§ INSTRUCTIONS TO FOLLOW: The copy must match the data word for word and contain no pictures.

§ DATA EXCERPT:
━━━━━━

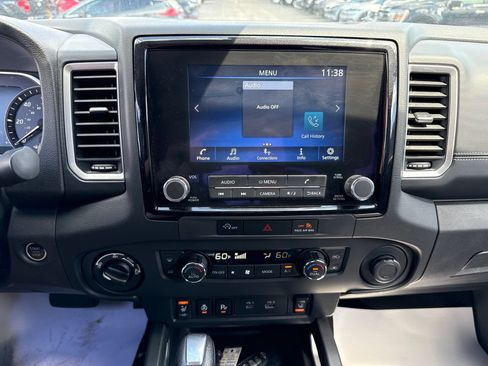 Used 2023 Nissan Frontier SV w/ SV Convenience Package AWD/4WD image 5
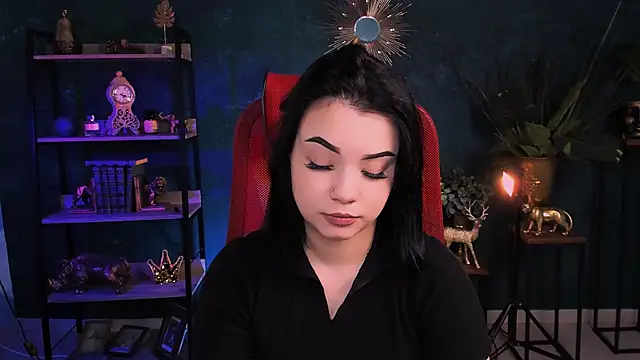 Snapshot of leslierowe_ chatting on October 10, 4:45 pm leslierowe  online show from October 10, 4:45 pm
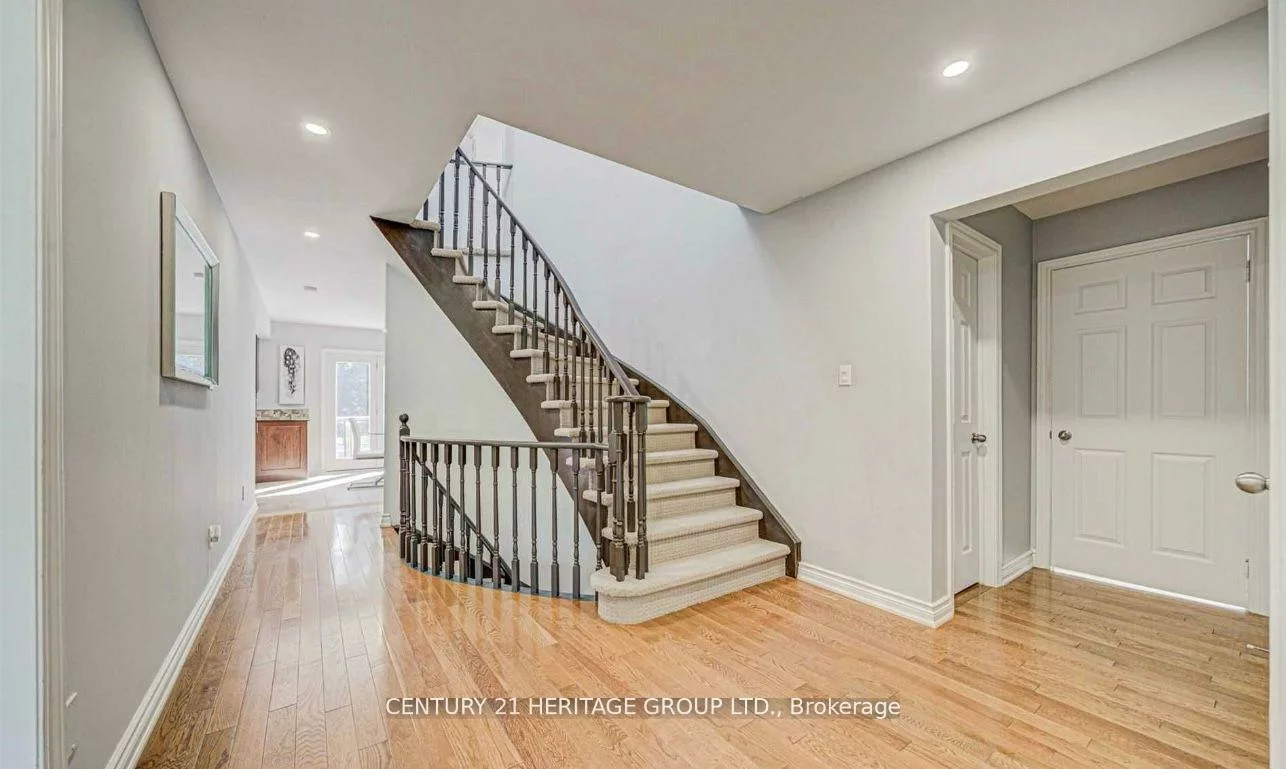 27, Hammond, Aurora Heights, Aurora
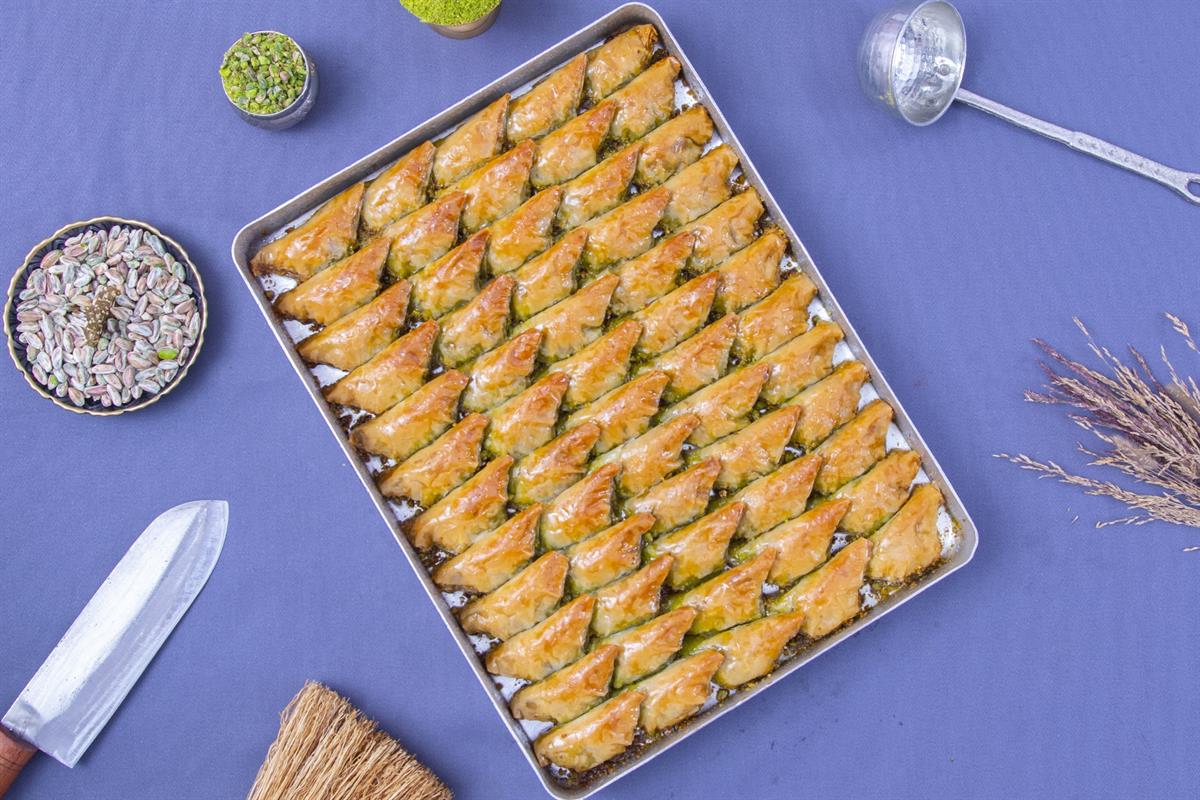 FISTIKLI ŞÖBİYET TEPSİ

━━━━━━

§ WRITTEN SOLUTION:
 Used 2023 Nissan Frontier SV w/ SV Convenience Package AWD/4WD image 5
 Snapshot of leslierowe_ chatting on October 10, 4:45 pm leslierowe  online show from October 10, 4:45 pm
 27, Hammond, Aurora Heights, Aurora
 FISTIKLI ŞÖBİYET TEPSİ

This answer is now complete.